小学校中・高学年の女子が10数人いた地域のチームで、1軍、2軍、3軍と、3つのチームを編成していた。1軍が大会に出るんだが、2軍と3軍は、毎週末、近くの小学校で他の地域のチームとよく練習試合をやっていた。


コーチは、同級生のお母さん。ママさんバレーのチームに入っていて、運動会のPTA競技に率先して参加するようなタイプ。バスケの経験は、学生時代、バスケットボール部に属していたってレベルだったと思う。自分の娘たちが「バスケをやりたい」と言ったので、チームを自ら作って、子どもらを集めたようだ。このへんうろ覚えなんだが。


なぜか、私は、3軍のリーダーにされてしまい、たいしてうまくもなく、やる気がない子らといっしょに、試合に出ていた。同学年の他の子は1軍や2軍なのに、ひとり私は3軍ということ自体が「コーチの意図」なんだろうと薄々気がついていたんだが、あまり気にもせず、練習に参加していた。
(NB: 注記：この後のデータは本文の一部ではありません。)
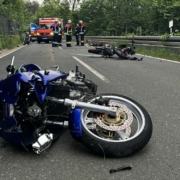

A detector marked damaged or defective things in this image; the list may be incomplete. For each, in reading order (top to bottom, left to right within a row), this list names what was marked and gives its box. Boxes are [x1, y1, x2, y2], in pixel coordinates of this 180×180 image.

overturned blue motorcycle [0, 57, 152, 157]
リーダーに据えられてから、コーチは、私をなにかと叱責しはじめた。叱責されようが、もともと技術も低いし、やる気もあんまりない子らを集めたチームなんだから、期待通りの動きができないのは当然で。


「みんな声が出ていない。声を出せと言え」


「きちんと練習の面倒をみているのか」


「なぜ、守りきれないんだ。ゴール前にいるのに」


と言われても、それぞれの子らは、その子なりに、コーチが言っていることは守っているつもりだから、むしろ、個別にチェックして、問題点を指摘してあげたらいいんじゃないの。私自身バスケの知識も経験もほとんどないんだから、注意しようもないのに。


……などと思っていた。


小学5年生だった私は、うまく言語にできるほど、頭が冴えていたわけじゃないから、なにも言わなかったけれどねw


ある日。いつものように、練習試合の前に、3軍のチームメイトと円陣を組んでいたら、コーチがやってきて、


「ゴールを決められた数だけ、あんたの尻をたたくから。覚悟しなさい」


と言われて、唖然とした。


"それは、なにかの、意味が、あるんでしょうか?"


などと抗弁しようかどうか。迷ったんだが、なんか、コーチはやる気満々な顔しているし、大人が言うことだし。試合前だし。ま、いっか。


"やるわけないだろ、いい大人だし"


ところが、コーチは、珍しく試合をちゃんと見ていて、終わったら、


「叩くよ」


と決められたゴールの数だけ、うれしそうに、みんなの前で尻を叩いた。


叩かれながら、


"こんなことして強くなるのか?"


と思った。おとなしく叩かれたのも、今、思うと、ずいぶんなんだが、呆れ過ぎて、なんも言えなかったんだと思う。


「コーチ、これで強くなるなら、1軍も、2軍も、尻を叩いてくださいよ」


ってぐらい言えば良かったかなぁ。


と思いつつ、家に帰って、その後は、二度と練習に行かなかった。



この件で学んだのは、素人コーチみたいなのには、絶対関わりたくない。


とにかく、関わらない。


彼らに関わると、疲れるだけだ。


間違った学びを押し付けられることほど、しんどいことはない。


その後、チームスポーツには懲りて、剣道や水泳、登山など……責任が自分自身にしかこないスポーツを選んできたんだがね。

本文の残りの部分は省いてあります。